During the Titans Hunt storyline, Slade is forced to kill his son Joseph after he is possessed and corrupted by the spirits of Azarath. Joseph is later revealed to have survived by transferring his consciousness into Slade's body. Under Joseph's control, Slade kills Wintergreen and mounts his severed head on a wall.

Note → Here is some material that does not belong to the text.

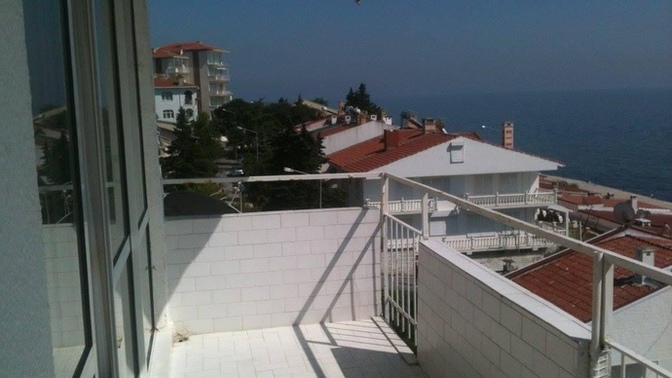 Sırf ağlamak için gitmek istediğiniz bir yer var mı?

During the Blackest Night storyline, Wintergreen is temporarily resurrected as a Black Lantern and attacks Deathstroke alongside Adeline Kane, Grant Wilson, and Bill Walsh. He is permanently resurrected following The New 52 relaunch, which rebooted the continuity of the DC Comics universe.

==Powers and abilities==
Wintergreen has received extensive training in military protocols and espionage, making him a proficient hand-to-hand combatant and martial artist. He has also proven an exceptionally skilled marksman in the use of various firearms.

==In other media==
===Television===

Concept artwork of Billy Wintergreen / Deathstroke for the first season of Arrow

- Wintergreen makes non-speaking appearances in Teen Titans.
- A character based on William Wintergreen named Bill "Billy" Wintergreen appears in Arrow, portrayed by Jeffrey C. Robinson. This version is a former member of an elite division of the Australian Secret Intelligence Service (ASIS) under the codename "Bishop", friend of Slade Wilson, godfather of Slade's son Joe Wilson, a skilled swordsman and hand-to-hand combatant, and the first individual to utilize the Deathstroke persona. In flashbacks depicted in the first season, Wintergreen and Slade were sent to the island of Lian Yu to rescue Chinese army deserter Yao Fei from a group of terrorists led by Edward Fyers. Wintergreen defected to Fyers' side and abandoned Slade, only to be killed by him.
- Wintergreen appears in Titans, portrayed by Demore Barnes. This version is African-American, previously served with Delta Force before joining H.I.V.E., and served as Deathstroke's handler while he was with the organization.

===Video games===
Wintergreen appears as a character summon in Scribblenauts Unmasked: A DC Comics Adventure.

===Miscellaneous===
Wintergreen appears in Deathstroke: Knights & Dragons, voiced by Colin Salmon. This version is a Black British former MI6 agent.

===Merchandise===
The Arrow incarnation of Billy Wintergreen / Deathstroke received a 6.75-inch action figure from DC Collectibles as part of a two-pack with Oliver Queen.